** RECORDS TO USE follows **

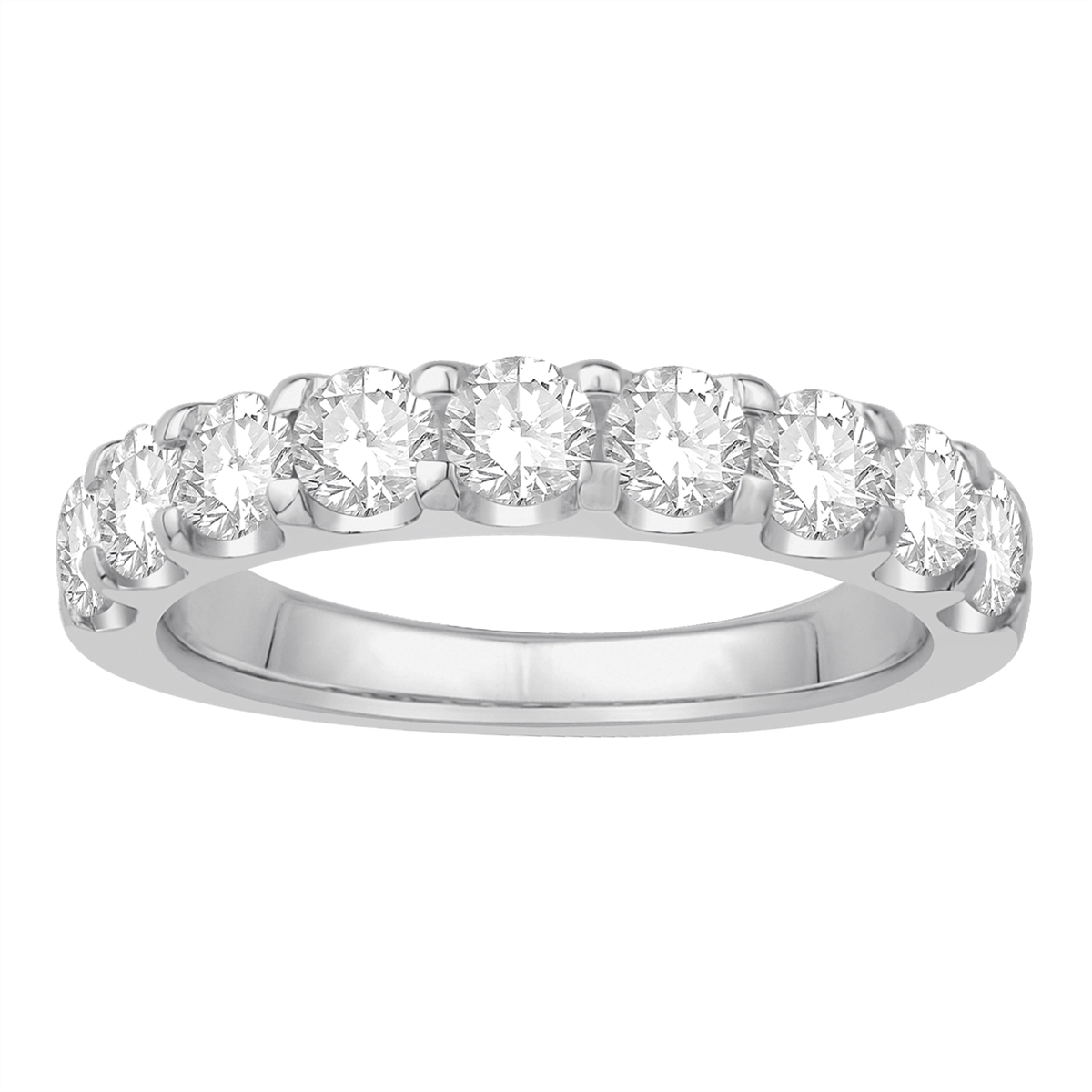 14K White Gold Diamond Band, Prong Set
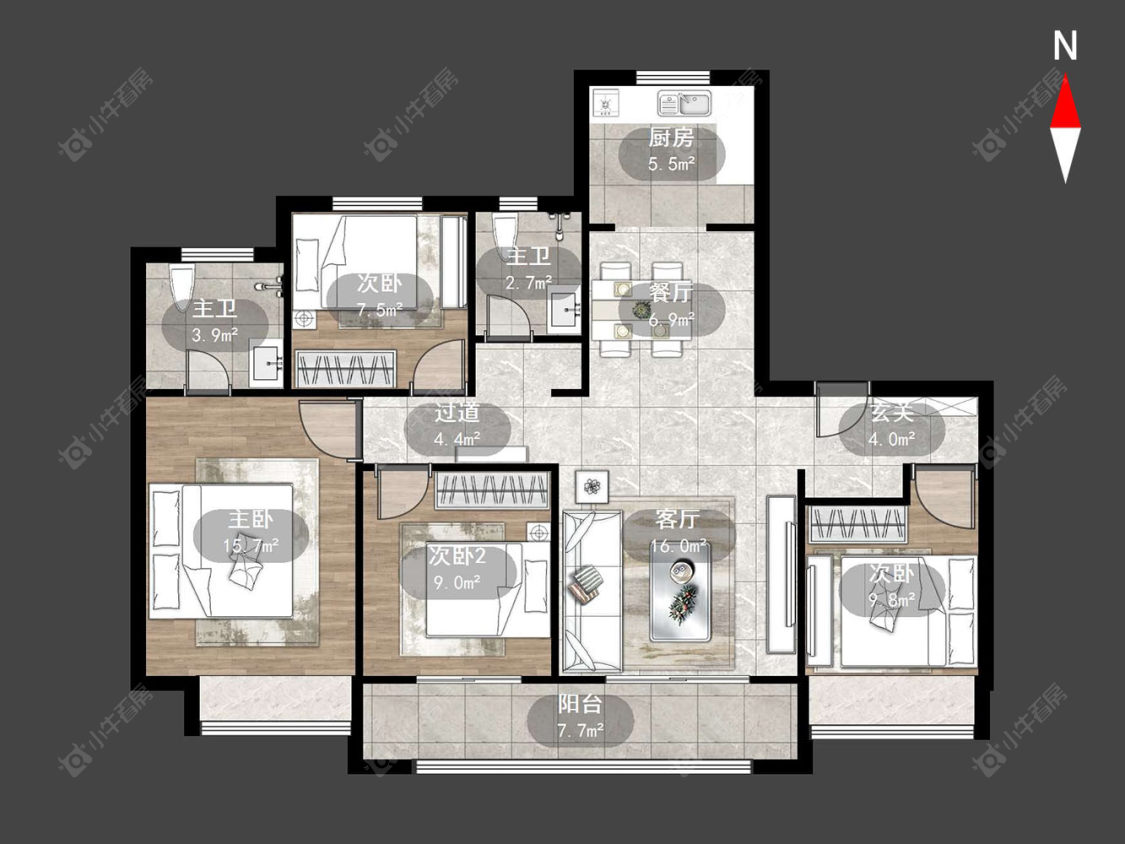 常州保利和光晨樾在售二手房源户型图_小牛看房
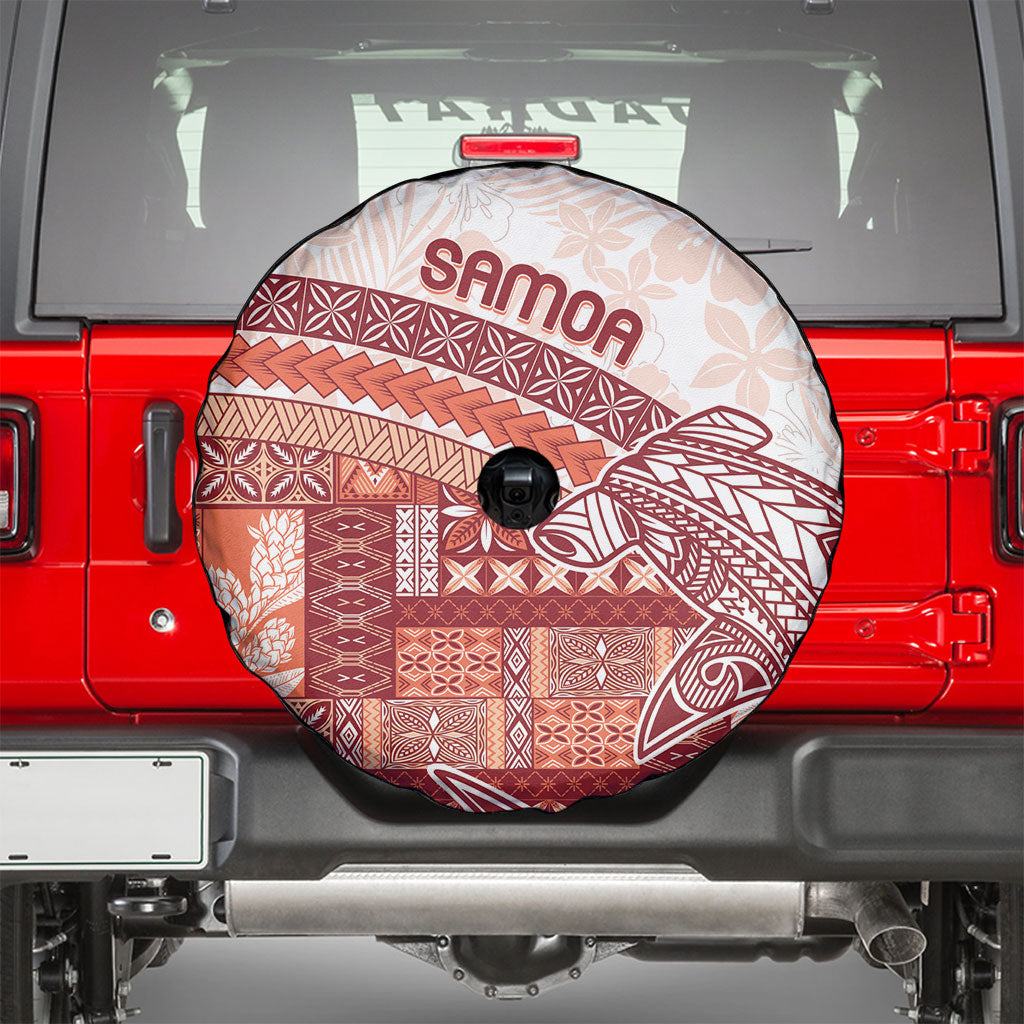 Samoa Mamanu Siapo Crimson Spare Tire Cover Tatau Malie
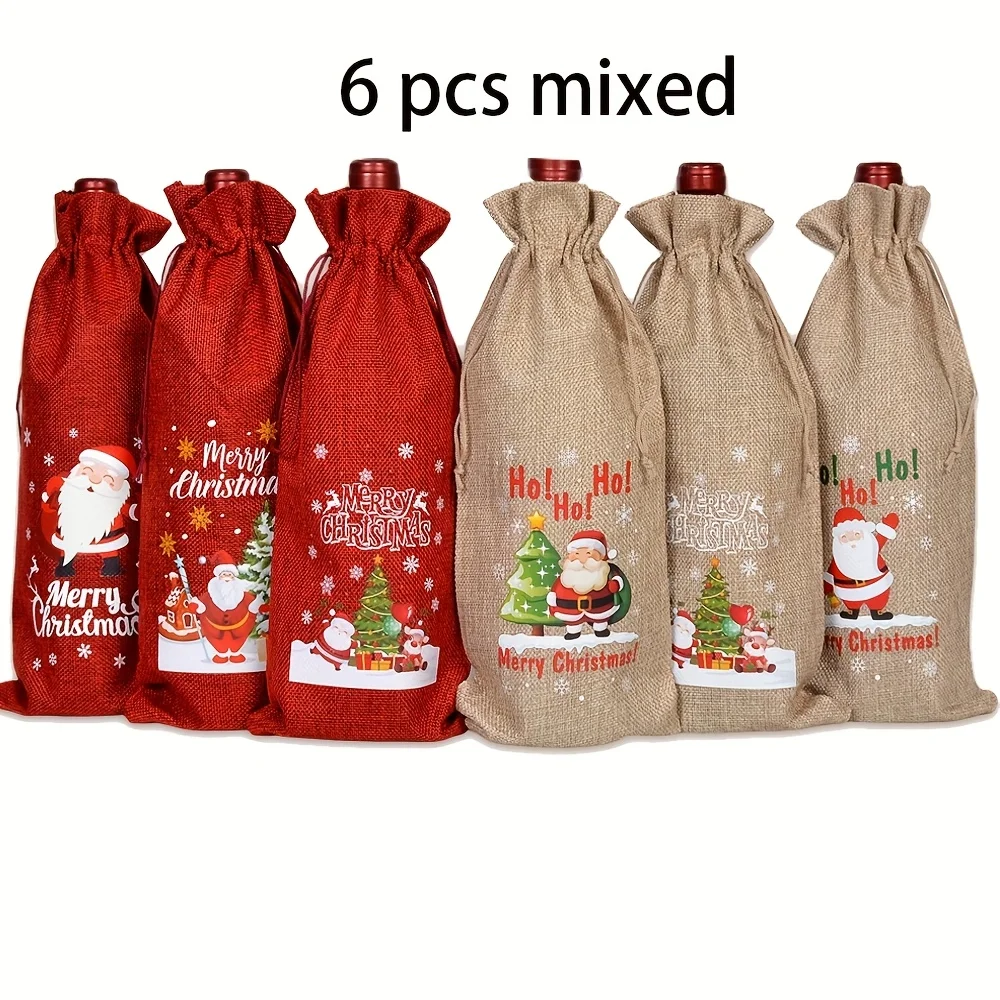Festive Christmas Wine Bottle Gift Bags - Red & Khaki Burlap Tote Bags with Santa Claus, Christmas Trees, Christmas Decorations view 6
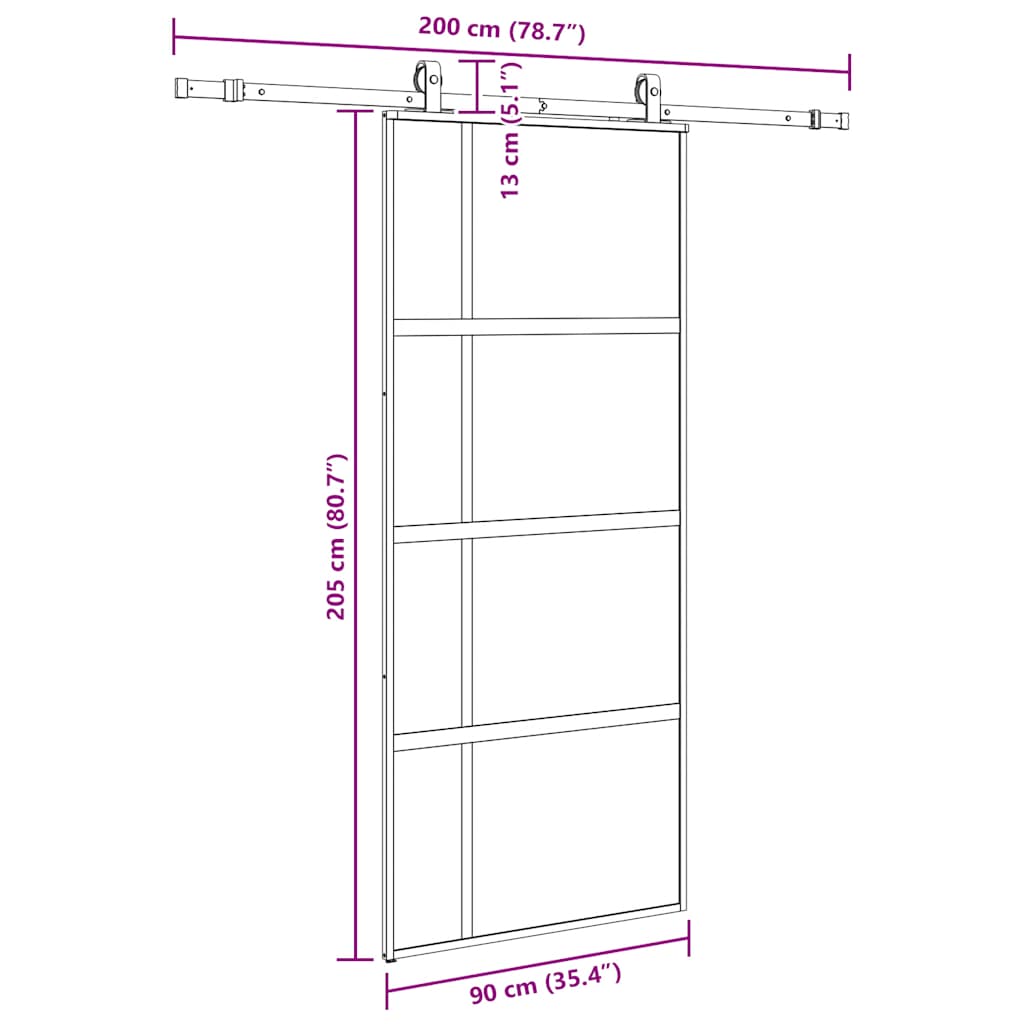 Συρόμενη πόρτα με σετ υλικού Μαύρο 90x205 cm γυαλί μετριασμένο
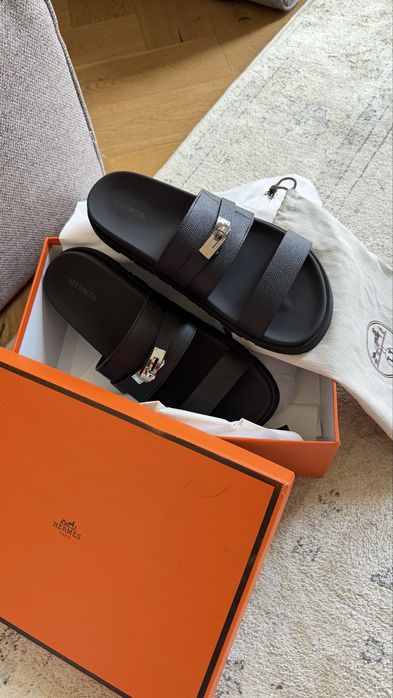 Hermes черни чехли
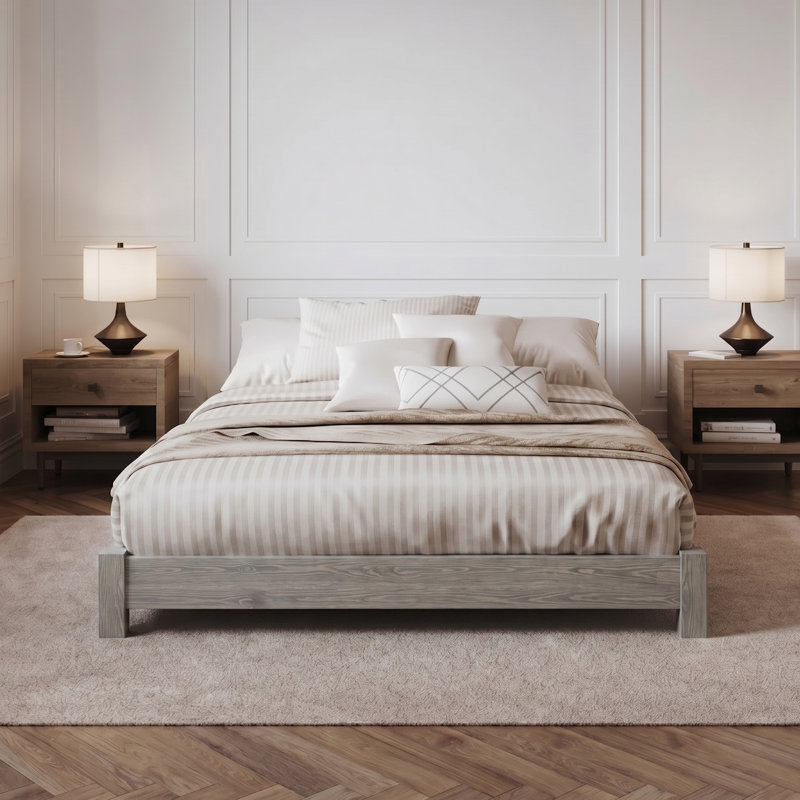 Base de lit Hardnett, Lit double, Bois gris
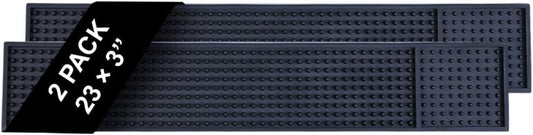 Bar Mats for Countertop by ProTensils - 23" x 3.25" Bar Rail Mat, Black Rubber Bar Mats for Bartending, Bar Service Drip Mat, Home Bar, Coffee Bar Mat Spill Matt (2 Pack)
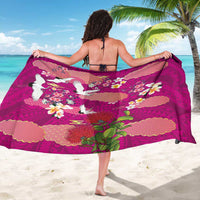 Hawaiian and Japanese Culture Together Sarong Pink Ohia Lehua Plumeria and Sakura Blooming LT03 - Polynesian Pride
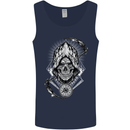 Grim Reaper Time Biker Skull Rock Music Mens Vest Tank Top Navy Blue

** End of RECORDS TO USE **

WHAT THE TASK ASKS
Only the lines from the one with "Bar Mats for Countertop" through the end of the listing should be transcribed, exactly and without pictures.

OUTPUT FOR THIS TASK
 Bar Mats for Countertop by ProTensils - 23" x 3.25" Bar Rail Mat, Black Rubber Bar Mats for Bartending, Bar Service Drip Mat, Home Bar, Coffee Bar Mat Spill Matt (2 Pack)
 Hawaiian and Japanese Culture Together Sarong Pink Ohia Lehua Plumeria and Sakura Blooming LT03 - Polynesian Pride
 Grim Reaper Time Biker Skull Rock Music Mens Vest Tank Top Navy Blue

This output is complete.